Faço isso com o meu neto... que é esperto. E por vezes é ele que toma a iniciativa e a lidera. Os jogos colectivos são um castigo, quer impor regras estranhas e ganhar sempre. Ele faz para a semana cinco anitos e contamos com a escola para desenvolver a socialização, o ser cooperativo, o respeito pelo outro e aprender a ser menos maroto...

Por isso ao ler o lido fico lívido. A escola prepara-se, com a orientação de Bruxelas, para lhe desenvolver o eu, eu, eu...

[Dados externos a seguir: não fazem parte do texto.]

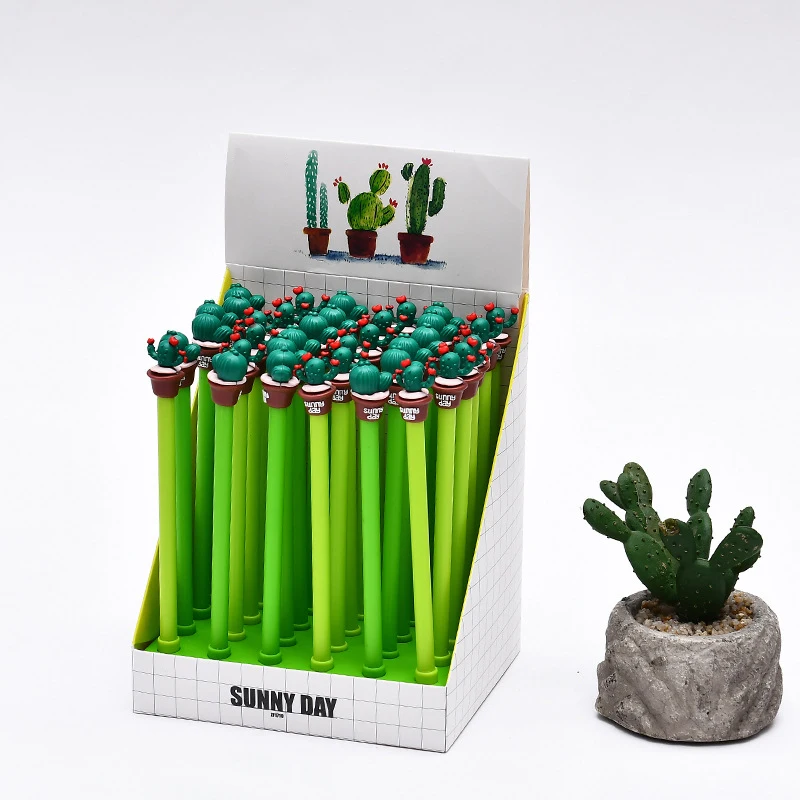 1 шт. гелевая ручка с милым КАКТУСОМ 0 5 мм Мультяшные ручки черными чернилами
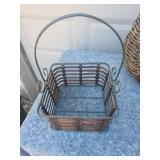 Decorative Wicker Basket Set with Striped Metal Planter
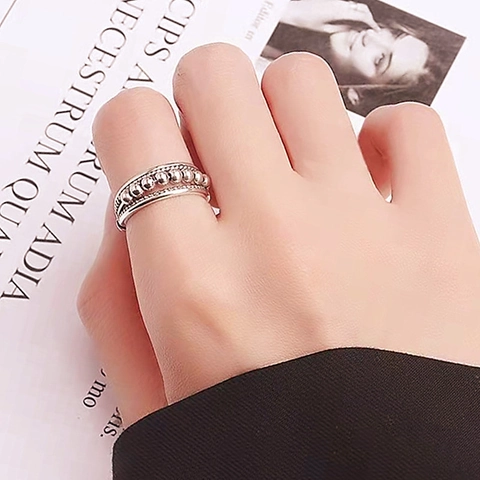 Anti Angst Fidget Ring Für Damen Drehbare Perlen 925 Sterling Silber Retro Verstellbar Offen Stressabbau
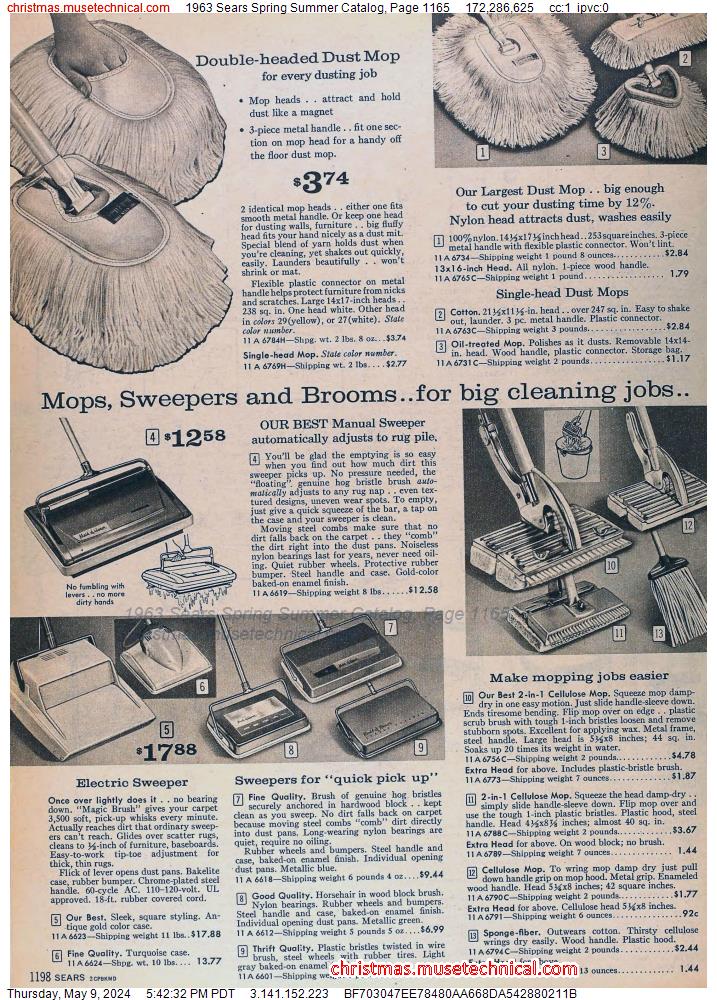 1963 Sears Spring Summer Catalog, Page 1165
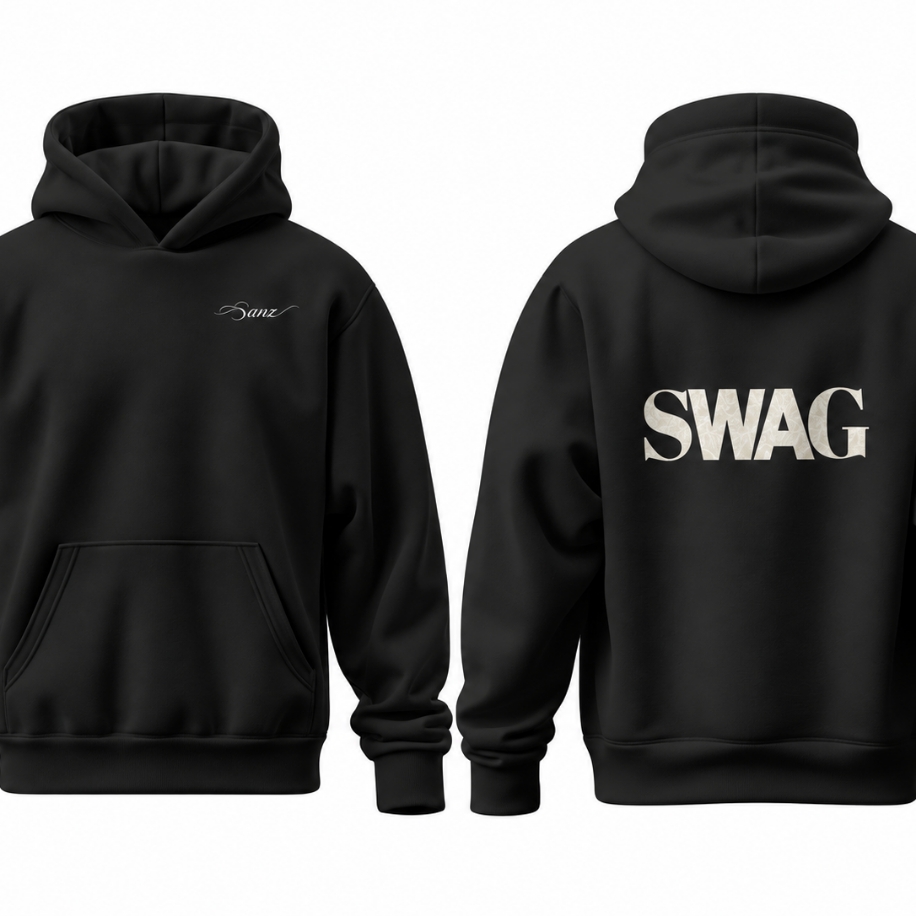 SANZ SWAG Sand Oversize Hoodie – Siyah - SWAG DROP Gorsel 5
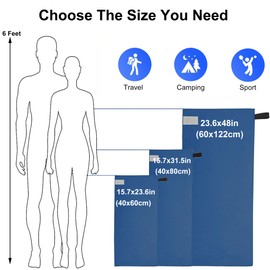 Lepat Microfibre towel, Ultra Lightweight Gym Towel, Super Absorbent Compact Camping Towel, Quick Dry Microfiber Towels for Sports Hiking Travel Camping Beach Swimming (Navy Blue, 40 * 80cm)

in"Guião de Educação para o Empreendedorismo"
Palavra que não quero que regresse ao comportamento implícito nisso. Nisso e neste pensamento:
« Todos os seres humanos são empreendedores. Quando estávamos nas cavernas, éramos trabalhadores por conta própria…a encontrar comida, a alimentarmo-nos. Foi aí que começou a história humana. Com o advento da civilização suprimimo-lo porque nos rotularam: “és um trabalhador”. Esquecemo-nos de que somos empreendedores.»
Muhammad Yunus, Prémio Nobel da Paz
As cavernas, as modernas como as antigas, são frias. São frias, inóspitas e incómodas, nada comparáveis aos condomínios fechados de quem não tem a pobreza no seu ADN mas que educa os filhos para gerirem bem todos os tipos de empreendedorismos. É que a selva precisa de regras...

6 comentários:

O Puma disse...

Na selva reina o mais forte

a canalha prepara felinos
para se comerem
a fingir de pessoas

Carlos Barbosa de Oliveira disse...

Já o escrevi há muito tempo: vivemos a Era do Eu, Ldª.
Não quero com isso dizer que o empreendedorismo seja coisa má. Bem pelo contrário.
Como aprendi em pesquisas, entrevistas e reportagens que fui fazendo nos últimos 8/10 anos sobre o tema, não é nada que se aprenda, apenas se cultiva. É nisso que a escola pode dar uma ajuda. De resto, não é empreendedor quem quer, mas quem tem qualidades específicas para desenvolver o empreendedorismo.
Conheço bons e maus exemplos. De bom destaco, por exemplo, a Science 4 you. De mau, o ídolo do Relvas- o jovem do bate o punho. lembra-se?

Maria Eu disse...

Como se pudessemos sobreviver a um mundo feito de "empreendedores"!!!!

Agostinho disse...

A UE quer normalizar as pessoas tal como pretendeu com as maçãs, as colheres, o ar, a água, autoclismos, etc, etc. Nada lhes escapa.
E quanto custa este zelo? Alguém sabe?

Clotilde Moreira disse...

a formatação do ensino? Ler de Manuel Cidalino Madaleno - Eduacação ou armadilha pedagógica

jrd disse...

Eles sabem que a sublimação do Eu, é a melhor maneira de impedir o Nós.